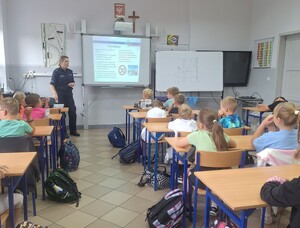 policjant a stoi przed dziećmi  siedzącymi w  ławkach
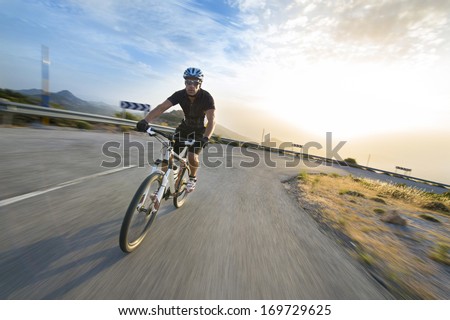 Cyclist man riding mountain bike in sunny day on a mountain road. Image with flare.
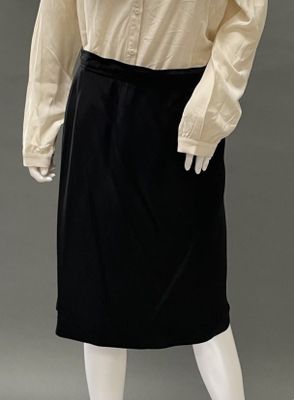 an image of a mannequin wearing a black skirt and a beige shirt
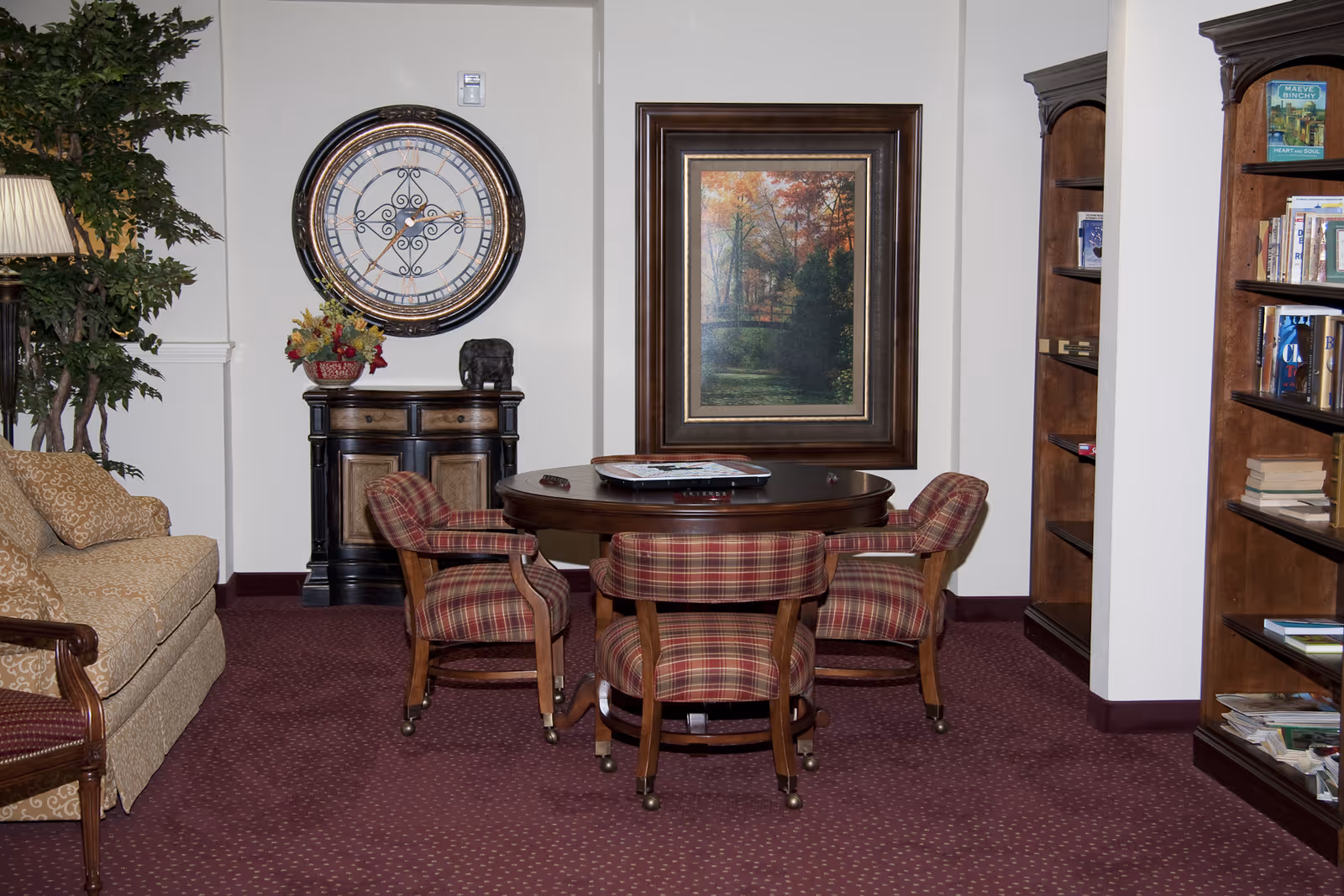 Cozy senior living common area with a round wooden table surrounded by four plaid upholstered chairs on casters. A large decorative wall clock and a framed autumn landscape painting hang on the wall. To the left, there is a beige patterned sofa and a tall green plant with a floor lamp. On the right, wooden bookshelves filled with books are visible.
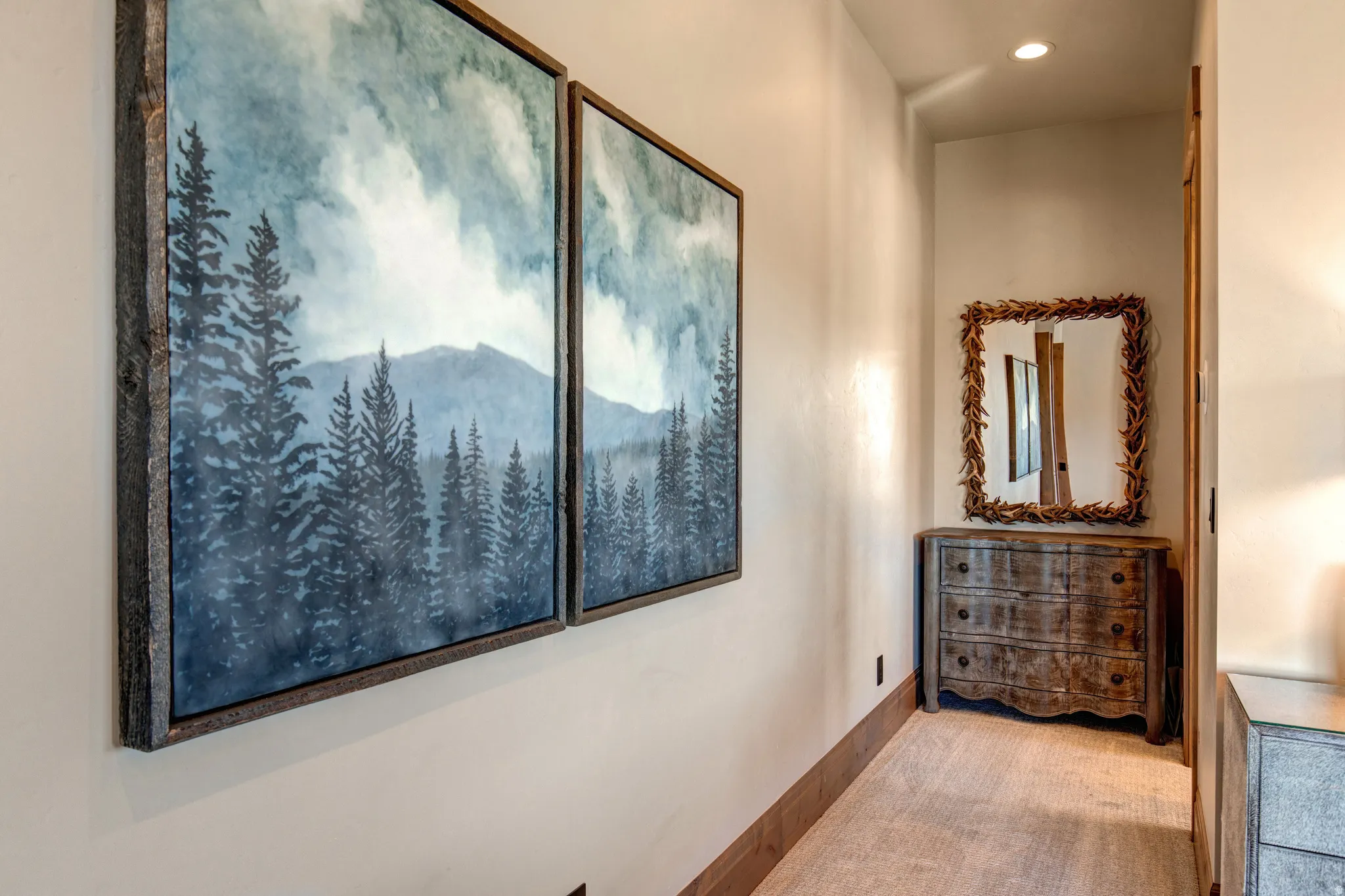 Recessed lighting illuminates a neutral-toned wall with a wood-finish baseboard, complementing the light-colored carpeting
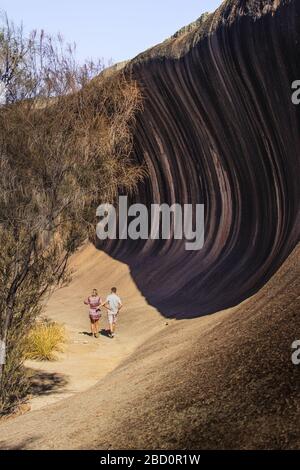 Ein Paar, das in einer unsual Felsformation namens Wave Rock im Westen Australiens wandert Stockfoto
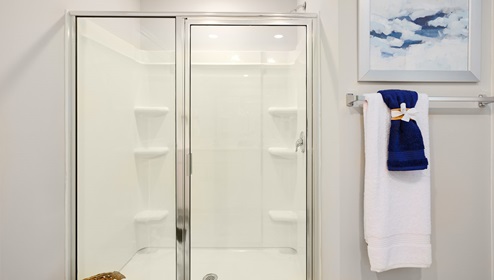 Model primary bathroom with white cabinets and counters, double sinks, and glass door shower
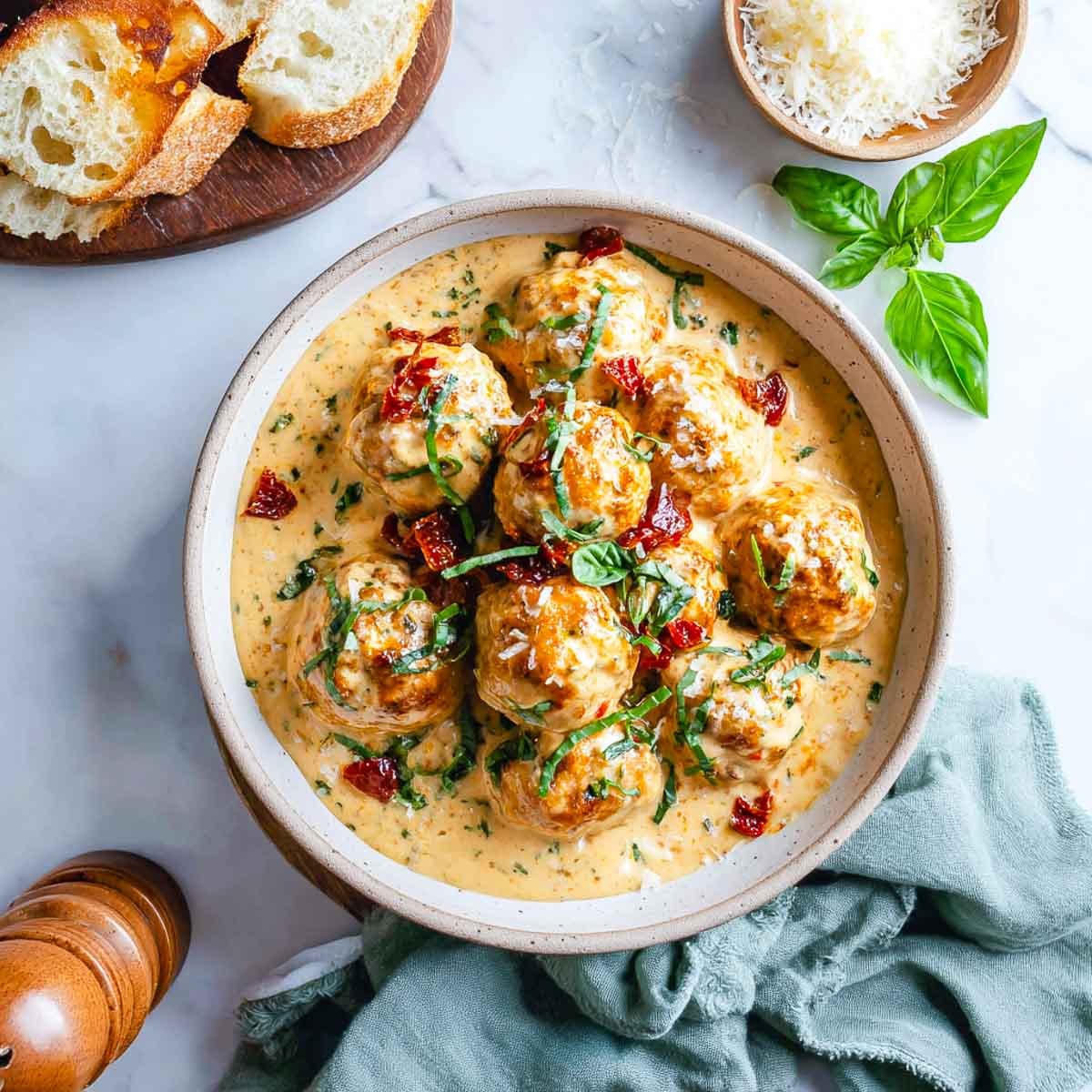 Chicken meatballs in creamy tomato sauce with basil and crusty bread.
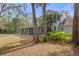Two-story house with a screened-in porch and lush landscaping at 19387 Hidden Oaks Dr, Brooksville, FL 34604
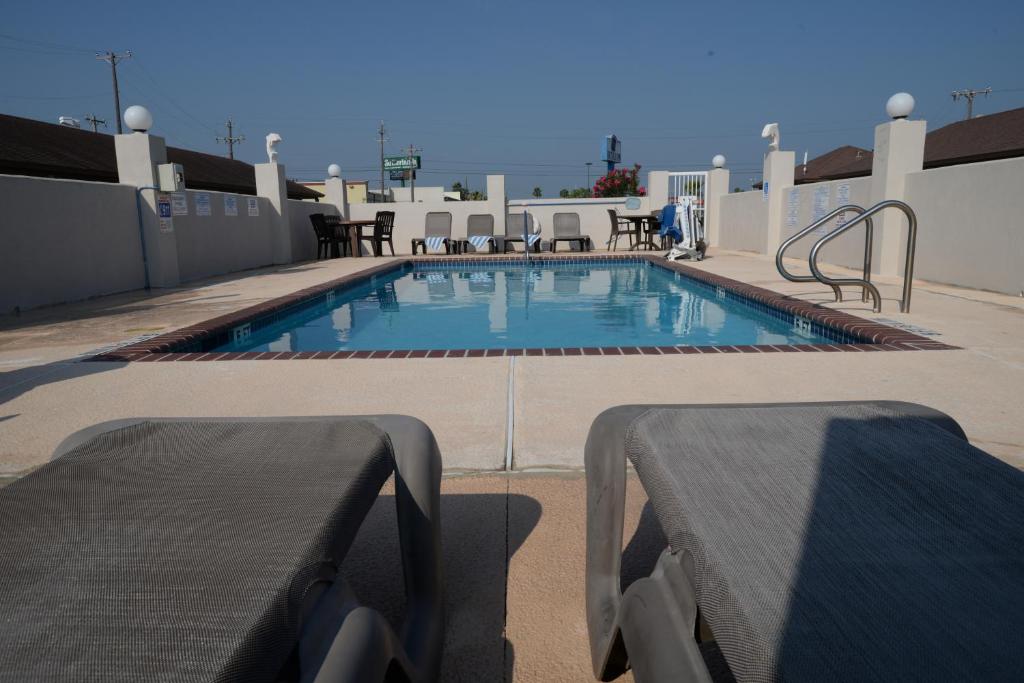 a swimming pool on the roof of a building at Port Isla Inn in Port Isabel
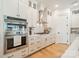 Modern kitchen with stainless appliances, stylish white cabinetry, herringbone backsplash, and hardwood flooring at 1402 Encore Ln, Waxhaw, NC 28173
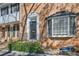 Charming brick townhouse with decorative door frame and bay window at 6520 Roswell Rd # 79, Sandy Springs, GA 30328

PROBLEM TO WORK ON:
Please print all the lines above exactly as given and leave out every picture.

EXERCISE ANSWER:
 policjant a stoi przed dziećmi  siedzącymi w  ławkach
 Cyclist man riding mountain bike in sunny day on a mountain road. Image with flare.
 an image of a mannequin wearing a black skirt and a beige shirt
 Cozy senior living common area with a round wooden table surrounded by four plaid upholstered chairs on casters. A large decorative wall clock and a framed autumn landscape painting hang on the wall. To the left, there is a beige patterned sofa and a tall green plant with a floor lamp. On the right, wooden bookshelves filled with books are visible.
 Recessed lighting illuminates a neutral-toned wall with a wood-finish baseboard, complementing the light-colored carpeting
 Ein Paar, das in einer unsual Felsformation namens Wave Rock im Westen Australiens wandert Stockfoto
 Model primary bathroom with white cabinets and counters, double sinks, and glass door shower
 Chicken meatballs in creamy tomato sauce with basil and crusty bread.
Two-story house with a screened-in porch and lush landscaping at 19387 Hidden Oaks Dr, Brooksville, FL 34604
 a swimming pool on the roof of a building at Port Isla Inn in Port Isabel
 Modern kitchen with stainless appliances, stylish white cabinetry, herringbone backsplash, and hardwood flooring at 1402 Encore Ln, Waxhaw, NC 28173
 Charming brick townhouse with decorative door frame and bay window at 6520 Roswell Rd # 79, Sandy Springs, GA 30328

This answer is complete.